The country was divided into three ethnic groups, the Hutu who made up eighty five percent of the population, the Tutsi who made up fourteen percent and Twa who only one percent of the total population. The Hutu group dislike the Tutsi people because they(Tutsi) had been blamed of all of Rwanda’s social economic , and political pressures since the early 19oo’s. Although Hutu were the largest ethnic group, tutsi took roles in responsibility by the Germans because of their European look such as lighter skin and taller built. At the end of World War I when the Germans lost the war the Belgians took over Rwanda. In 1933 the two ethnic group must have an identity card label them either Hutu or Tutsi. Belgians also give the Tutsi all the leadership position but this upset the Hutu. Rwanda was struggling to have independence from Belgium, so they switch the leadership role from Tutsi to Hutu and this upset the Tutsi.

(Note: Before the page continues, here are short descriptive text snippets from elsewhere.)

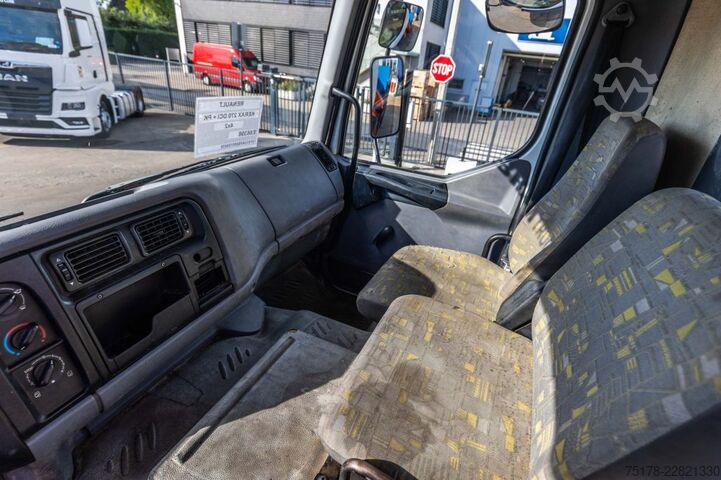 Kallur koos kraanaga RENAULT KERAX 270 DCI - PK 9501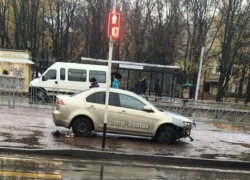 Ставрополец на японском седане снёс уличную ограду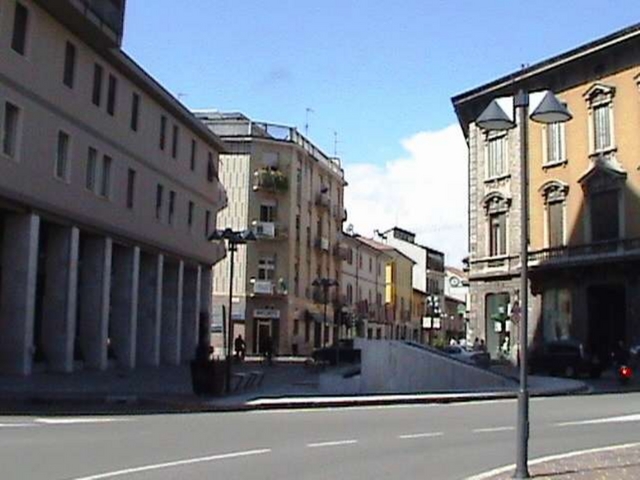 Seregno: palpeggia una 15enne,arrestato pachistano 32enne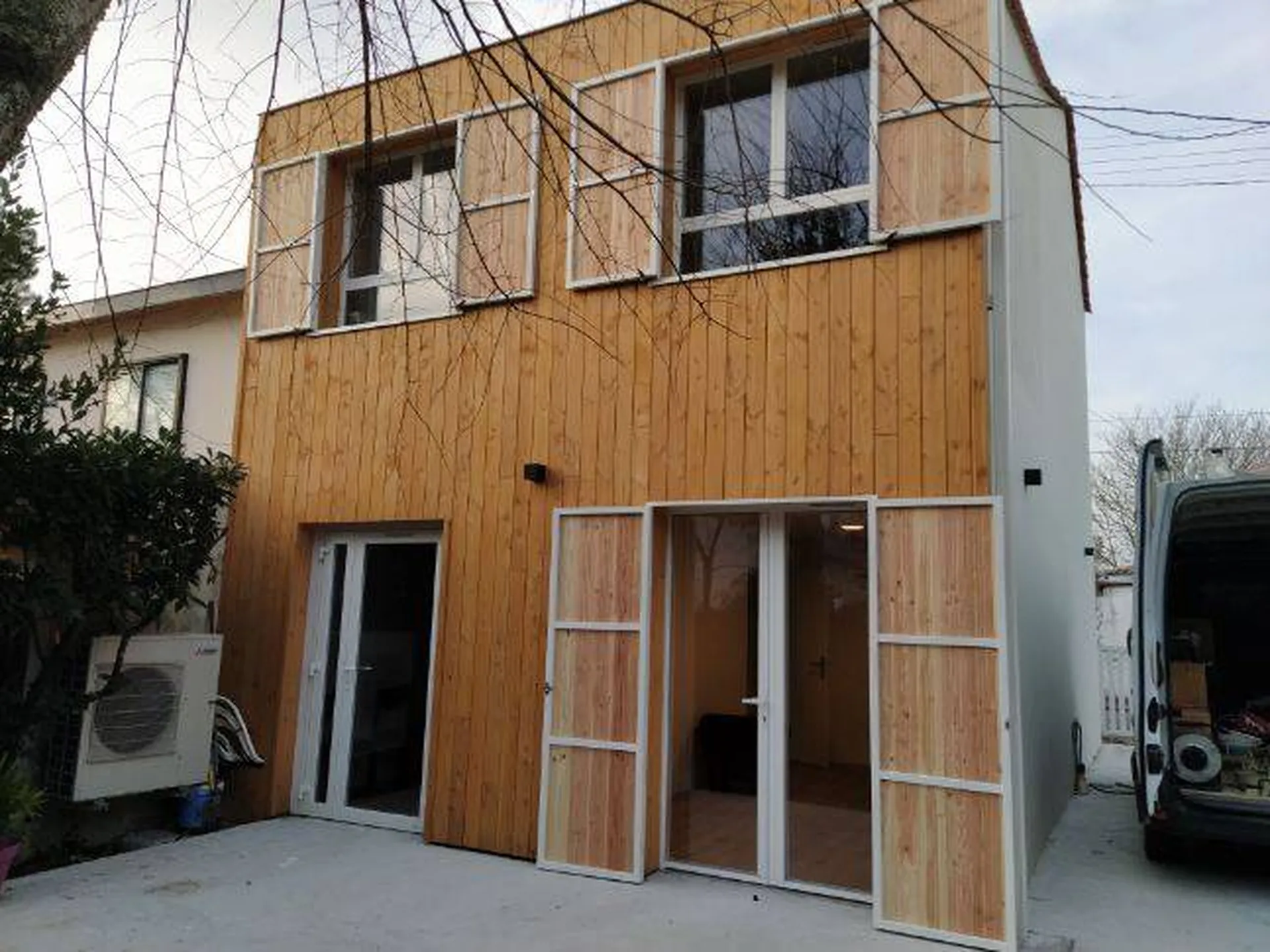 Vue d'ensemble Volets en cours de pose Cabinet Médical Talence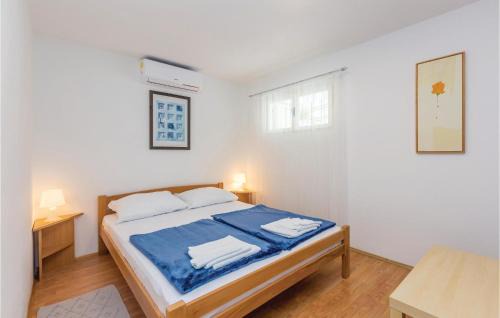 Punat Apartment | 1 Bedroom Amazing Apartment In Krk
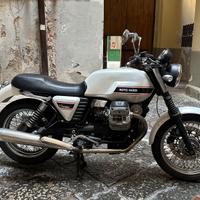 Moto Guzzi V7 Classic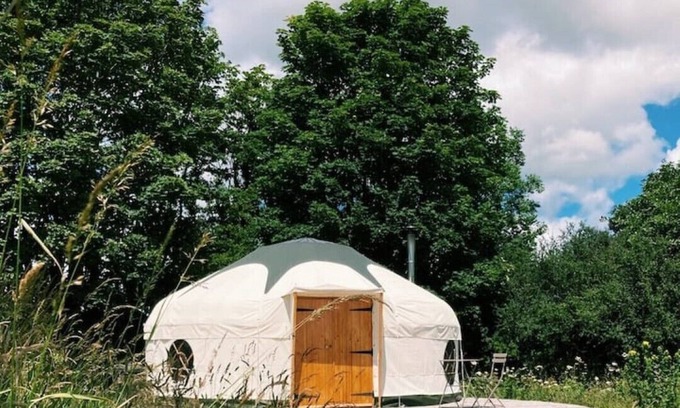 Lanteglos Cabin | Stunning Yurt 'Gribben' with use of wood fired hot tub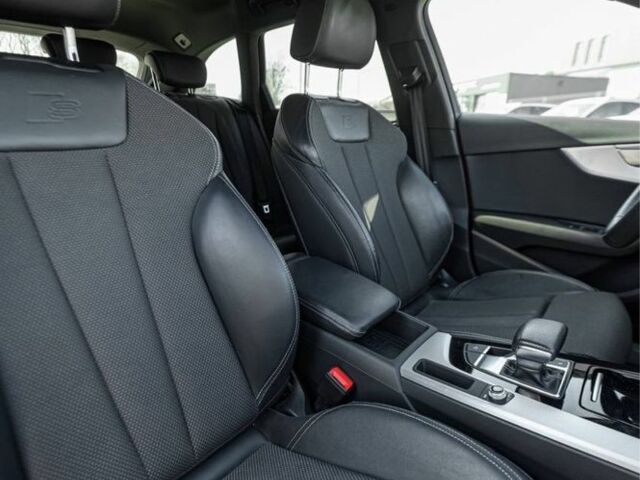 Красный Ауди А4, объемом двигателя 2 л и пробегом 205 тыс. км за 20990 $, фото 3 на Automoto.ua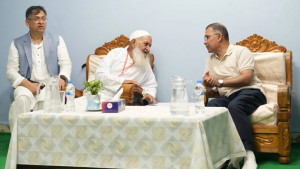 হেফাজতের আমির আল্লামা শাহ মুহিব্বুল্লাহ বাবুনগরীর সঙ্গে প্রধানমন্ত্রীর বৈঠক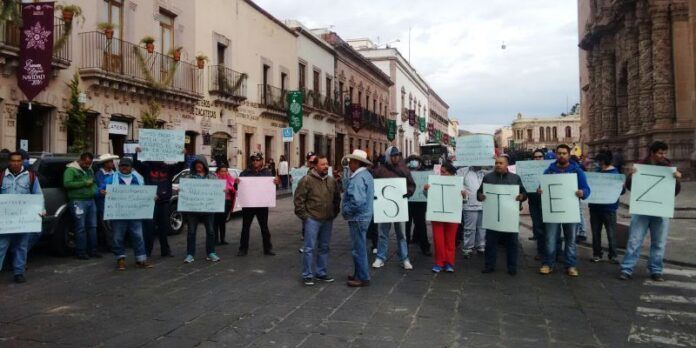 Advirtieron que se retirarían hasta tener solución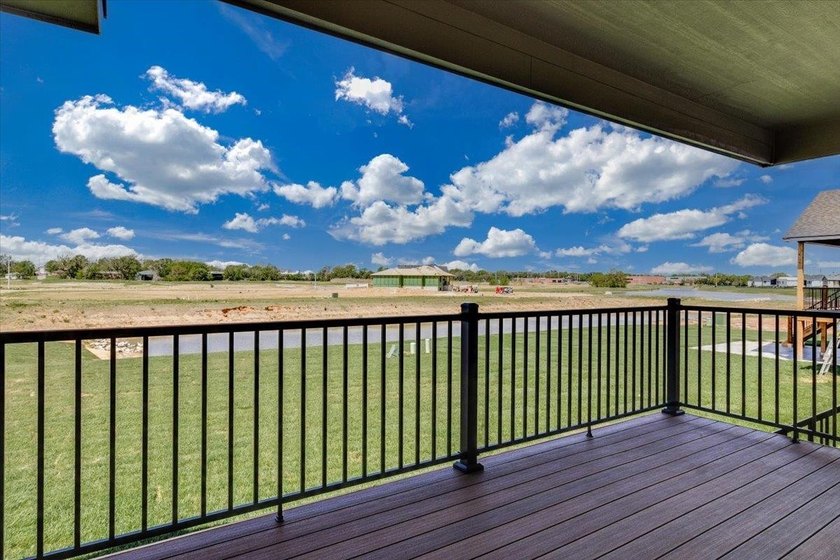 MODEL IS NOW FOR SALE! Welcome home to this stunning new floor - photo 33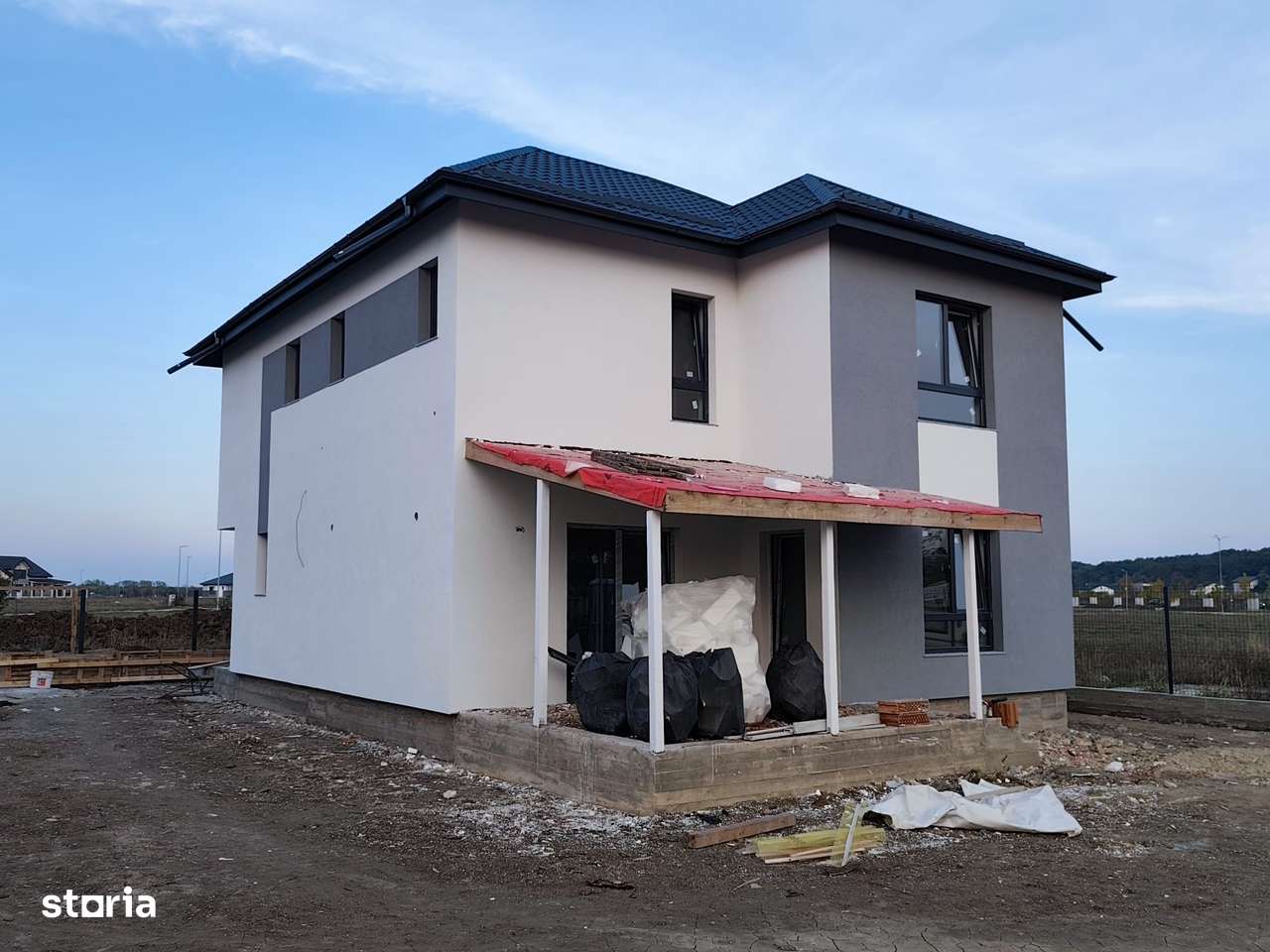 FARA COMISIOANE in Gulia casa 4 camere 3 bai P+1+pod terasa la cheie-2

On April 9, 1994 the Hutu Rwandan president plane was shot down and immediately afterward violence broke out. The Hutu rebels used radio as a plan to tell their Hutu listeners that Tutsi had kill the president. The radio was the best thing of communication for the Hutu’s because they were very cheap, could be shared by many people, and unlike the newspaper could be listened to and understood by those who were illiterate. By mixing hate messages in with popular African cultural music the Hutu rebel’s were able to turn people against their neighbours. The radio communicated to all Hutu’s, either kill all the Tutsi’s or either we or they will come and kill you. Hutu’s were lead to believe through messages on the radio that the Tutsi were evil cockroaches who would trick and manipulate you so they could rise to power and destroy all Hutu people. Although it has never been determined who was truly responsible for the assassination. The rebels begin to take over the government and blamed the Tutsi for the assassination, and the massacre begun.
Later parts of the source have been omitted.